In general, the PVI of a district is a good indicator of which party will win control the seat. It's not perfect though. For example, an incumbent and moderate Democrat may be a safe bet to win in an R+3 district. Also note that if in the past two presidential elections, Democrats got 52% of the two-party vote share nationwide, then an R+1 district would in absolute terms still be 51-49, since the R+1 is relative to the national average.



What polling data do you use?

The good people at electoral-vote.com are kind enough to provide downloadable polling data, so that's what I use. You can read about their standards for which polls they include here.

Why is there no polling data or county view for Alaska?

Alaska now uses Ranked Choice Voting. Which is cool, although it does have the unfortunate side effect of totally breaking the interface I'm using for every other state. Alaska also historically doesn't track county-level vote data.

What about the Utah senate race?

This year's senate race in Utah is unusual in that there is no Democratic candidate running; Evan McMullin is running against Mike Lee as an Independent. The interface of this site is built around the (usually correct) assumption that candidates of other parties have virtually no chance to win, and so any non-Republican winner is implicitly counted as a Democrat during the election simulations. In this case though I've made an exception such that any senate election in which Evan McMullin is either the 50th or 51st "Democrat" will be counted as a Tie.

Where is the Oklahoma special senate election?

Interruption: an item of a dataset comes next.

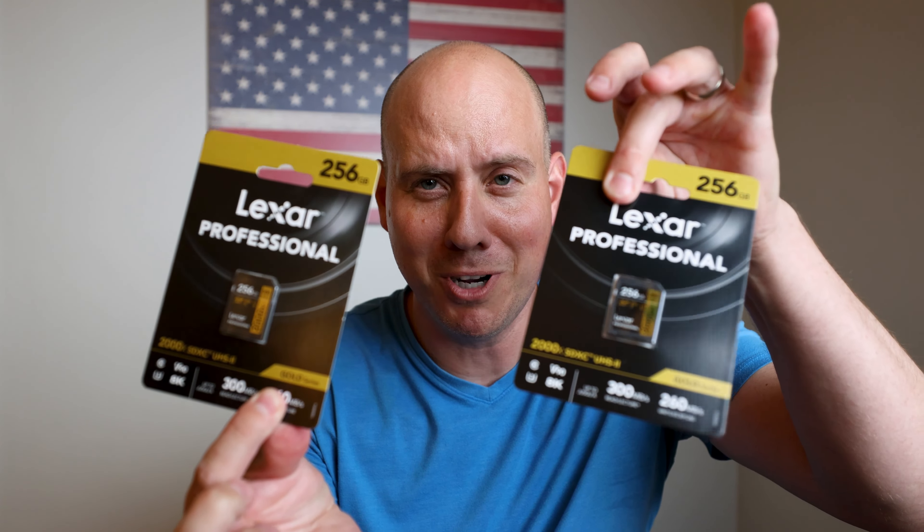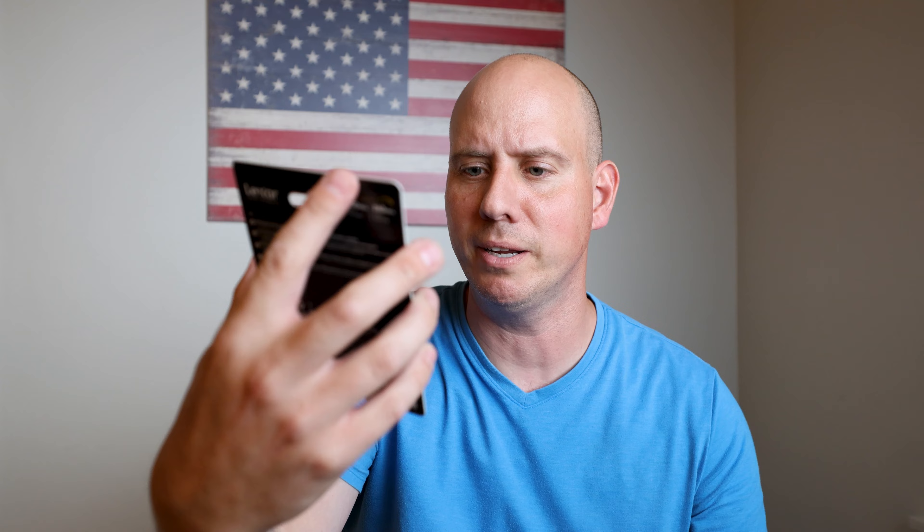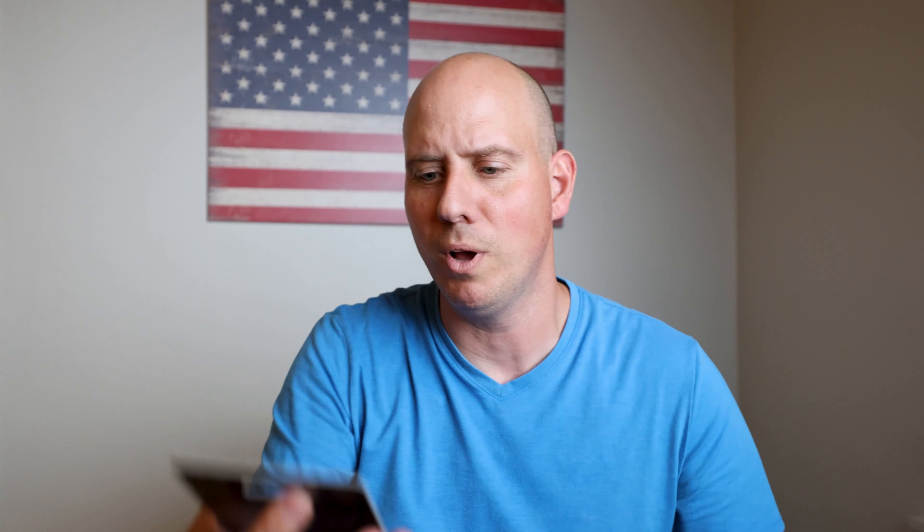They didn't like that, so I received this in the mail and we're going to unbox it right now. We have not one but two Lexar cards. These are the V90 256GB — it is a 300 megabit read and 260 megabit write.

Oklahoma technically has both of its senate seats up for election this year. But given how heavily Republican-leaning Oklahoma is, it honestly wasn't worth the trouble of refactoring the code to model that. The Oklahoma special election is taken by the simulation to be "Lock Republican", which is already a perfectly accurate characterization.

What do ferrets have to do with anything?

When used as a verb, "ferret" can mean "to search about". Mostly it's a reference to this adorable (and sadly, seemingly defunct) government tool that I used one time for a college project.